How sector tilts can help you beat the index

Print This Post A A A

One way to play the market with a view to outperforming the S&P/ASX 200 index is through sector tilts and this can be relatively easy when using exchange-traded funds (or ETFs).

After all, research suggests that most company stock prices are correlated with general trends in the market – that is, if the market is trending down, even great stocks will have a hard time making gains. Similarly, a rising market will tend to push the price of most stocks up to a degree, even the dogs!

This correlation gets even stronger when we drill down to the sector level. Whether a stock is rising relatively strongly compared with the general market often depends on which sector it’s in. If ‘financials’ are in vogue, for example, then most financial stocks may tend to do well relative to the general market. Ditto resources.

Given these often high correlations, the advent of ETFs makes life even simpler for investors.
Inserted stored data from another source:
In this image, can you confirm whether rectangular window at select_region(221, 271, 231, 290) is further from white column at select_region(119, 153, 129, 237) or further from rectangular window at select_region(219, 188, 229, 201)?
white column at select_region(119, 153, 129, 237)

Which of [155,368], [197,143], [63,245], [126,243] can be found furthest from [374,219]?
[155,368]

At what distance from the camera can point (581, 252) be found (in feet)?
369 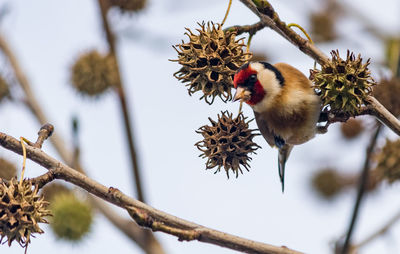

For example, if you like the financial sector, but are not sure which bank to invest in, you can invest in all of them in a single trade by buying a financials sector ETF. Similarly, if resources are hot, you can avoid having to choose between mining companies by investing in an ETF covering the whole sector.

Financial tilts

As seen in the table below, there are four financial ETFs to choose from – most of which exclude listed property. Of these, the ETF from Beta Shares (QFN) has the most funds under management and appears to be the most liquid. It’s also the cheapest by a slight margin.

Resource tilts

In the resources area, the Beta Shares ETF (QRE) also has the most funds under management, though its average bid-offer spread last month – according to ASX research – was unusually wide. Looking at earlier months, however, Beta Share’s average bid-offer spread is usually no higher than its competitors.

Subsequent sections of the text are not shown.